The use of biomarker screening can support improvements in the outcomes of biopharma immuno-oncology studies
Patient identification for optimal treatment has become possible due to the surge of predictive biomarker signatures, which can serve as powerful tools to determine the likelihood of response, or lack of response, to a particular therapy. Biomarker signatures enable the stratification of patient populations, improving therapy response rates in clinical trials, and therefore, they hold considerable potential to optimize both biopharma investment as well as patient outcomes.
Identifying biomarkers with good predictive value requires phenotyping tissue samples of different patient populations and disease states. Gaining insights into the spatial immune environment of tumors is necessary for a thorough understanding of molecular changes that govern disease progression and impact immunotherapy response rates across different populations.
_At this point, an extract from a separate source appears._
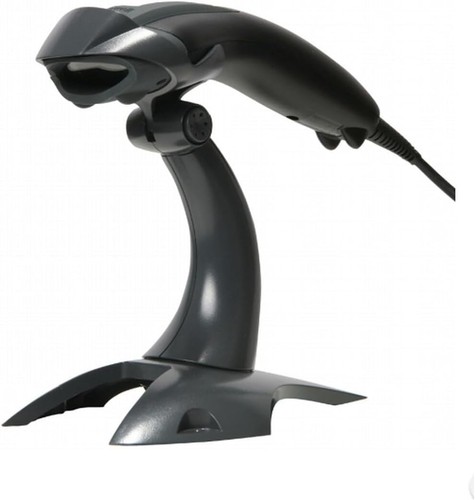 Honeywell voyager 1200g - voyager, 1d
Biopharma researchers require versatile tools that offer high-plex analysis capabilities, high-throughput automation, and high reproducibility to fulfill their translational needs. The use of biomarkers in research and clinical studies has grown exponentially in recent years (Figure 1). Since the human genome was sequenced, the use of biomarkers as inclusion or exclusion criteria for enrolling patients in clinical research has substantially expanded1. Some studies have documented the significant impact that biomarker selection can have on regulatory approval rates, demonstrating that a likelihood of a successful transition from Phase I up to Approval is 26% when performed with biomarker selection versus 8.4% without. It is clear that biomarker selection provides a critical tool for improving the efficacy and speed of clinical research.